「京さんよ、そりゃあ屁理屈ってもんだぜ。芸術てえのは、美しいなあ、愛おしいなあと感じ入る高尚な代物だぜ。見てて触って、何がそう感じ入りさせるのか、しかとは分からねーがな」

 根岸叔父は透明の切子グラスに注いだ日本酒を飲み干し、言葉にして吐いた。

「理屈をつけて値を付けるのは、その後のことさ、そうだろう。天塩にかけた切子を、ほれ込んだと欲しがってもらえりゃあ、ロハでもくれてやりたくなるもんよ。切子が赤い糸で結ばれた伴侶を見つけたようなもんだからさ」

 京は根岸叔父の切子グラスが一様に暗さを帯びて映えるのを見逃さなかった。全体に紅であれ青であれ、暗色が覆っているようだ。暗い電球がその表面をボーッと控えめに照らす。闇に切子グラス同士の光が映え合って菊の文様を隈取っている。

「なんの考えもなしに作っているように見えてもな、実際、そうかもしれねえがな、精魂込めて生み出した切子たちでえ。おれの欲と恥とが溶け合った色ガラスさ。真っさらな健全な色合いによ、美の女神様がおじゃるだろうか。お望みではなかろう」

 根岸叔父は「悩め悩め、とことん悩みな。悩みながら切子は生まれるのよ。京さんもよ、おんなじだろう」孤立感に立たされた京を、「皆同じよ」と励ました。職人魂の挑発かもしれない。

 芸術は誠実さと不実さのせめぎ合いの中に生れるー。確かにそうだろう。「…そうして、誠実さを求めて営みを始めるってわけか?」

 京は長く父を拒否して生きて来た。不実、裏切り、責任放棄…。美術家としての実績は認めざるをえない。一時期だが流派を率いて美術史に残る実績を残した人物なのだ。それに、そのうえにー。京は自身の制作方法が結局、父に倣うような道を歩いているのに愕然としたのだ。そのことに気付いたのは、ここ最近のことだ。未希は気づいているのかどうか…。

 「ビール飲まない?」と未希が食卓に缶を2本置いた。久しぶりだ。未希も根岸叔父の元気な姿に安心したのだろう。よかった。

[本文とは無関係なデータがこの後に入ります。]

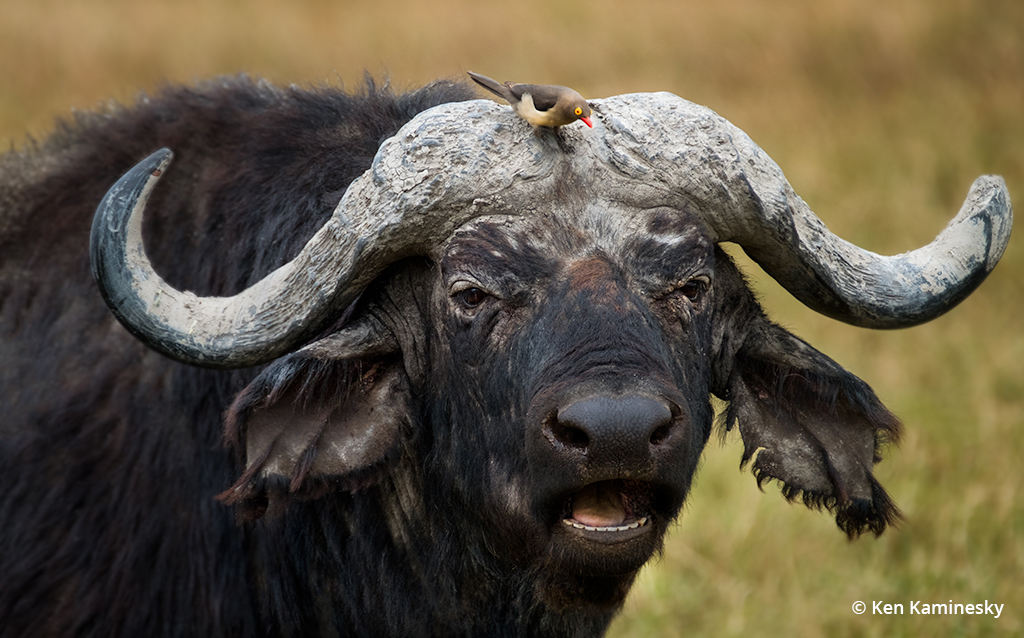 Photo of an oxpecker perched on a cape buffalo's head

 「今日は酒が飲みたいな、叔父さんみたいに江戸切子で」

京の意外な申し出に未希はうれしくなった。京の苦境が少しは晴れたのかもしれない。

 京は思った。「真っさらな健全な色合いか」。干潟は汚泥ではないのだ。干潟はあらゆる生き物の生命を育む豊穣の世界なのだ。人間界は干潟なのだな。「この世は干潟か」と思うと、京は少し明るい気分になった。